In many cities, it is the fast food joints that are working the current, hauling in throngs of passing students and locals who are eating on the hoof. As compelling as the lure of the city is, moving here exposes us to an environment where pollution seeps into every crevice of our existence: fumes; smells; litter; occasional effluent; excessive light; brain-jarring noise; heat build-up.
All of these fit into the dictionary definition of ‘pollution’, the act of dumping harmful substances into the soil, air or water in a way that damages living creatures or the healthy functioning of the environment. Our cities make us fat and sick, and junk food is so much a part of the problem.
But what if we started seeing it as a form of nutritional pollution, and applied the environmental principle of ‘the polluter pays’ to deal with the mop-up operation as our urban population slumps under the burden of obesity and its conjoined conditions of diabetes, heart disease and certain cancers associated with being too heavy?
The industrial food system and the predatory nature of the fast food industry are contributing to our deteriorating relationship with food and subsequent health problems. City life changes the way we eat and move, and not always for the better. Generally, we ditch the frumpy old provincial foods we grew up on, and fall for the seductive taste of highly processed, less diverse, low-fibre foods.
This nutritional transition is occurring across the developing world’s cities as people abandon traditional diets for food that is quick to get hold of (no more hours of slaving over the stove), tasty (packed with sugars, fats and salts that tickle the pleasure centre in the brain) and cheap (factory production lines bring down the cost).
Combined with the fact that urban sprawl pushes us off our feet and into cars, buses and trains, we are seeing obesity rates skyrocketing in urban African populations.
Around the world, populations have been getting heavier since the 1970s. And while the estimated 1.7 billion overweight or obese people are still concentrated in rich countries, ‘overweight and obesity have been increasing exponentially in several regions of the developing world, particularly Latin America and the Caribbean and North Africa’, according to the United Nation’s Food and Agriculture Organization.
In South Africa, for instance, just over half of all people who are fifteen years or older are overweight or obese. The World Health Organization (WHO) estimates that deaths associated with rising lifestyle-related diseases will ‘almost equal’ the combined deaths caused by communicable, maternal, perinatal and nutritional diseases in Africa by 2020. Until now, obesity was seen as the problem of the individual. If you are fat, it is because you are weak-willed.

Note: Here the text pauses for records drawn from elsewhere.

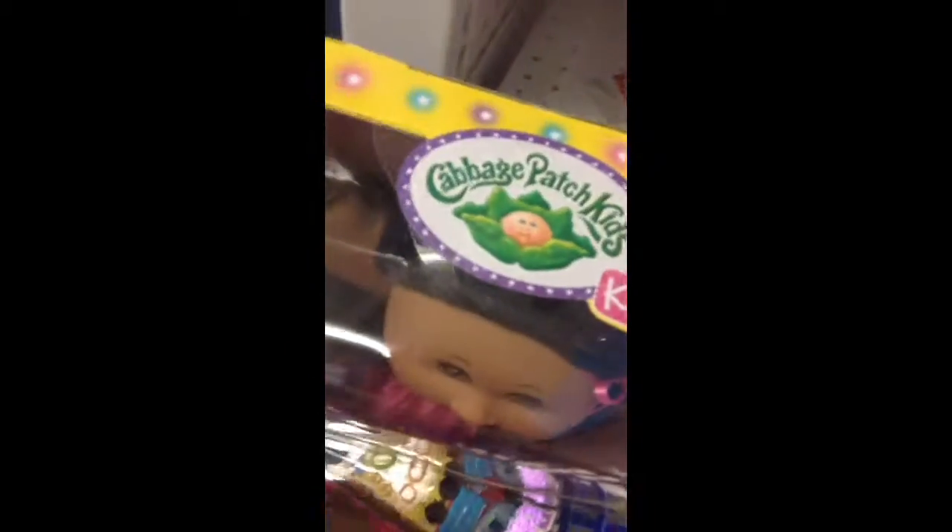I'm also getting this Cabbage Patch, because it's on clearance for $17.98. This is one of the Twinkle Toes ones I've been trying to get since last year.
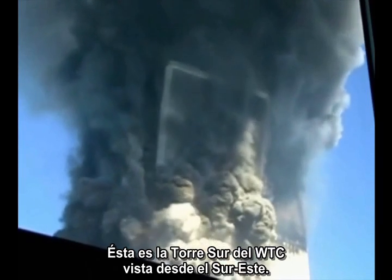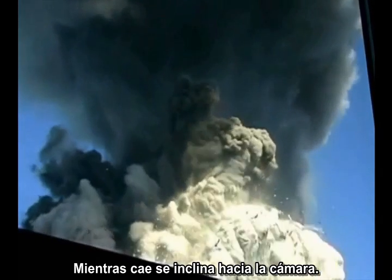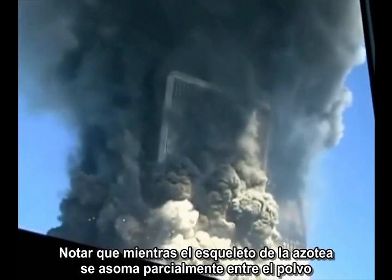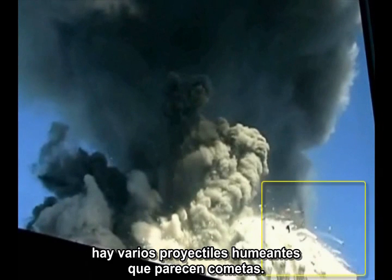This is the south tower of the World Trade Center, viewed from the southeast. As it falls, it tips toward the camera. Notice that as the skeleton of the roofline partially emerges from the dust, there are a number of smoking projectiles that look like comets.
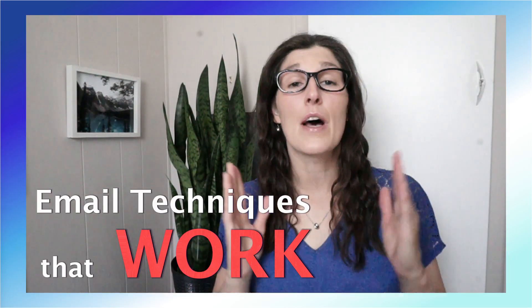So I developed a set of four email techniques that work so that you can stay on top of your inbox, save time, and be more fulfilled in the workplace. Hi, my name's Amy. Let's nerd out.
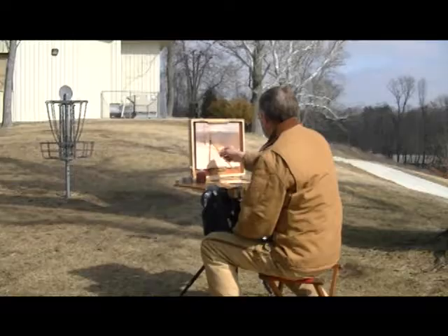We are at Lee's easel now. Let's see what he's doing here — let's get up a little closer. We'll walk around.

But, as The Lancet points out in its 2011 special report on obesity, our ballooning weight is the result of a ‘normal response by normal people to an abnormal environment’. Modern city life makes it too easy to make bad food-lifestyle choices, and too hard to make good ones, to paraphrase the recent report of the United Kingdom’s House of Lords on the issue.
The global food industry has tailored its recipes to target the reward centres in our brains and is raking in the profits of our resulting addiction to junk food. And government healthcare systems are left mopping up the damage as they fork out to treat rising numbers of diabetics and heart disease patients.
In terms of how we deal with the burgeoning obesity rates, The Lancet claims that it is too much to leave it to individuals to fix themselves, and that food companies have been left to self-regulate for too long, without much effect. What if we started looking at the continent’s growing obesity problem in the way we view pollution, and apply the environmental principle of the polluter pays? You spill it, you pay to clean it up.
The problem, though, is that with food, you cannot necessarily show direct cause and effect: this burger chain contributed to Person X running up a bill of Y amount on insulin shots or hypertensive drugs. Maybe the answer is a sin tax on fast foods that gets ring-fenced by the Receiver of Revenue to prop up a country’s healthcare budget.
Sure, a sin tax would still come out of the public’s pocket, but there would be some choice involved. A tax like this would also push up the price of fast foods, which might make healthier foods a bit cheaper by comparison. Food companies should be required to put healthier food options on their menus, decrease the use of fats and sugars, and write up the nutritional contents of their products on the packaging.
They should also be made to ease off on pushing their products to children and adolescents. Either way, the food industry’s joyride on the back of neoliberalism needs to have the brakes applied.